The village priest of Etteldorf. Father Dolph is a merry fellow, but nervous in the company of strangers.


A stout, ruddy skinned, middle-aged priest wearing a simple black robe, cloak and hood. Although quite portly, possessed of a receding hairline and a bristly grey beard, his dark eyes are lively with intelligence and good humour. His height, strong nose and square jaw also lend him a noble mien.


This merry priest has the dubious honour of holding the nearly empty parish of Etteldorf for Bishop Wilhelm of Transylvania. He journeyed to Kronstadt in the company of his patron Ulrich the Bull, but aside from a brief interview with Archdeacon Simon to secure his posting, he was decidedly more circumspect in his movements than Ortrun and Theodor. Even Heironymous proved to be more social than the obviously gregarious clergyman. Dolph passed off his seemingly uncharacteristic lack of conviviality as a desire to get to work in restoring the village to its former vitality.

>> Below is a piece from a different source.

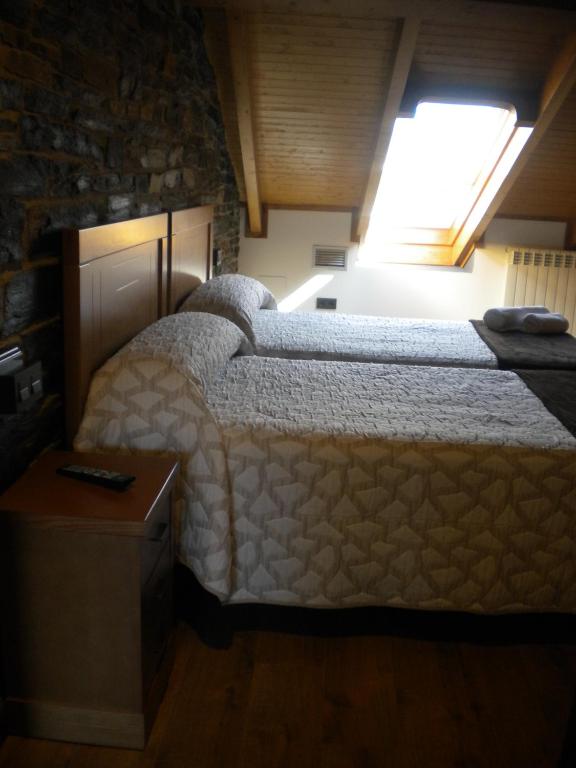Postel nebo postele na pokoji v ubytování Casa de Aldea Araceli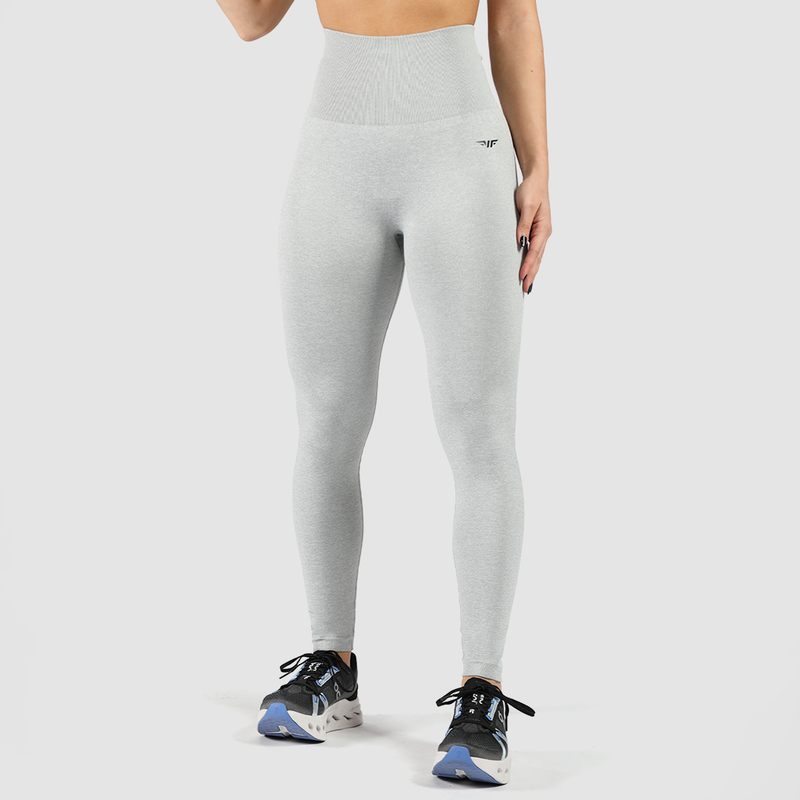a fit woman wearing legging grey with logo black and she wearing shoes ,plus the background is light grey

In truth, Father Dolph did attack his duties with great enthusiasm, enlisting the somewhat dim-witted youth Erik before starting with the re-thatching of the roof of the small stone Church of St. Clotilde in Etteldorf. They then moved on to the refitting of the doors of the building, and now work at scrubbing and repairing the stonework that was damaged when the church was fired during the ruinous Cuman raid on Etteldorf in AD 1209. His assistant, Erik, displayed commendable vigour for the work. Indeed, of all the young men recruited to rebuild the village, he displayed the most consistent and hearty drive to see the place return to security and life.

However, despite his incessant good humour, Father Dolph’s expression was a war between hope and consternation when the Teutonic brothers rode through the gates of Etteldorf. Except for the thrice daily mass he conducted at St. Clotilde’s, he has done little to interact with the newcomers to the village, leaving Erik to run most of the errands to their quarters. Indeed, the Teutonic brothers appeared to make Dolph decidedly nervous. Perhaps he worried that they see his over-fondness for the ale of Johana, the sole woman in the camp. Or perhaps it was the way his eyes lingered hungrily on her rump when she walked by.

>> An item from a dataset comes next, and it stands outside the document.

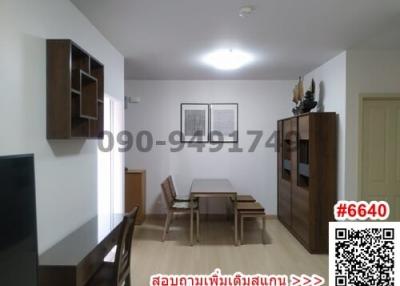 Spacious furnished living room with dining area and wooden furniture
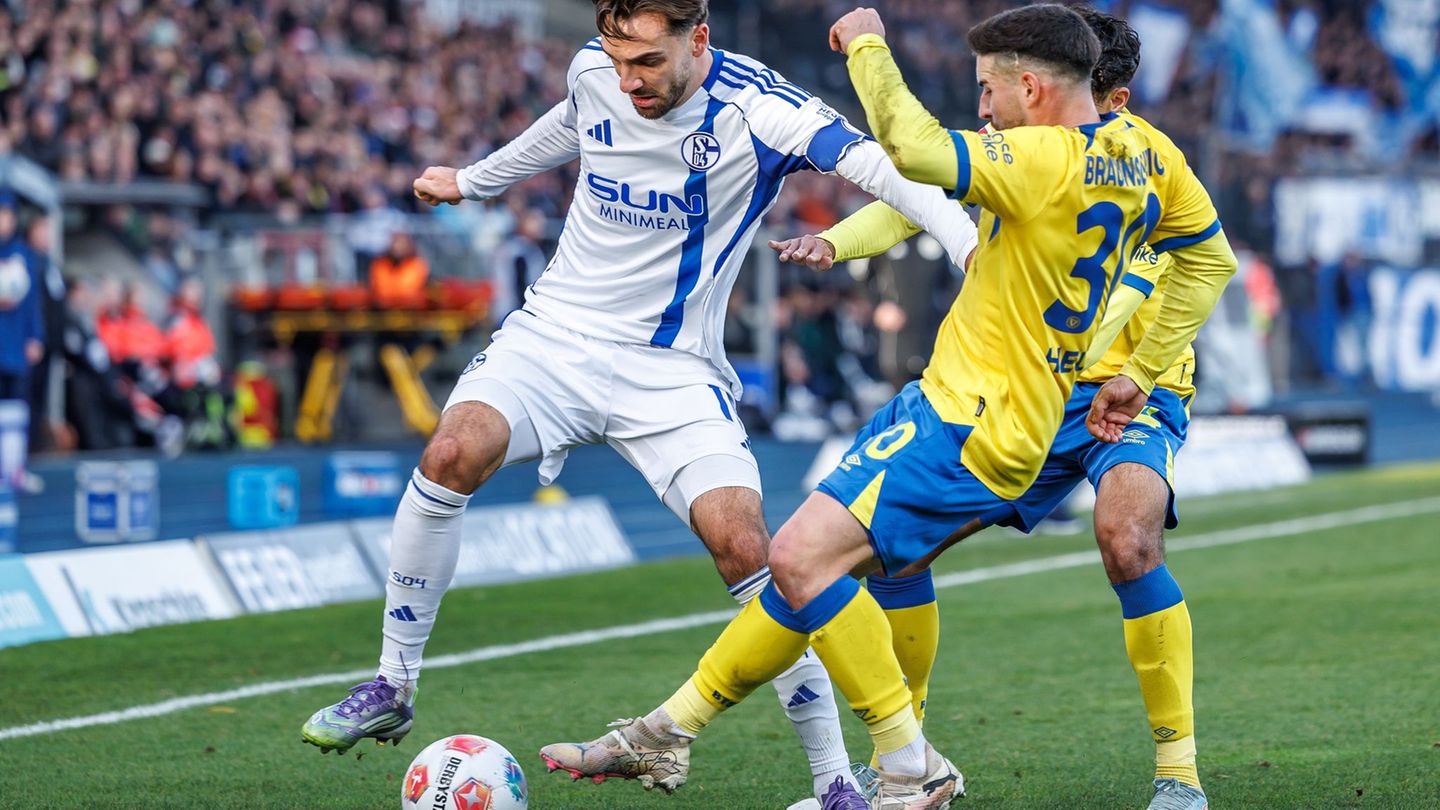 Die Braunschweiger Johan Gomez (verdeckt, Eintracht Braunschweig) und Robin Heußer bedrängen den Schalker Kenan Karaman (l). Fot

Whichever the case, Dolph endured their presence for the length of their short stay. And Johana endured Dolph’s lascivious glances, perhaps because he mustered enough will or piety not to act upon them.

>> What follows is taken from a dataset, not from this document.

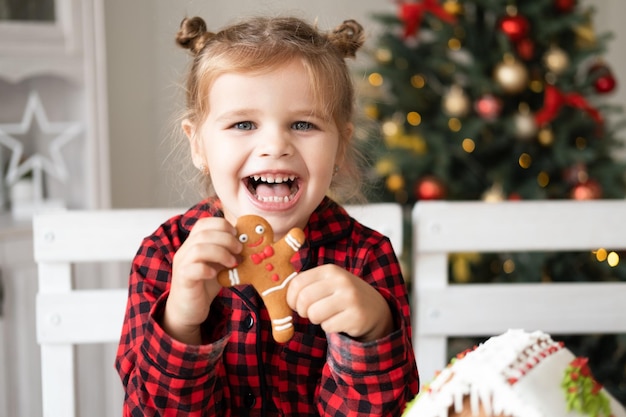 bambina in pigiama rosso che tiene il biscotto degli uomini di pan di zenzero di Natale decorato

He continued to serve his master well once the Ventrue was forced to adopt the guise of his “cousin”, Heinrich, to forestall the blowback from the rumours spread by the wrathful Swordbearer that Ulrich had embezzled funds from the Teutonic crusade against the Cuman horde of Kordönül. Ulrich had to disappear, and Heinrich soon arrived to replace him.

In his capacity as priest of Etteldorf, Father Dolph took the cross, and journeyed to the Holy Land as a pilgrim of the Fifth Crusade. His knowledge of ecclesiastical practices and bureaucracy, as well as his fluency in the tongue of the Langued’oil served his master extremely well in Heinrich’s plans to scout the city of Acre, and later his ambition to insinuate himself into it. It is worth noting, however, that Dolph’s unease with his ghoulish state only increased as his role in the crusade continued, as did his discomfort with the lack of food available in the East due to a series of poor harvests.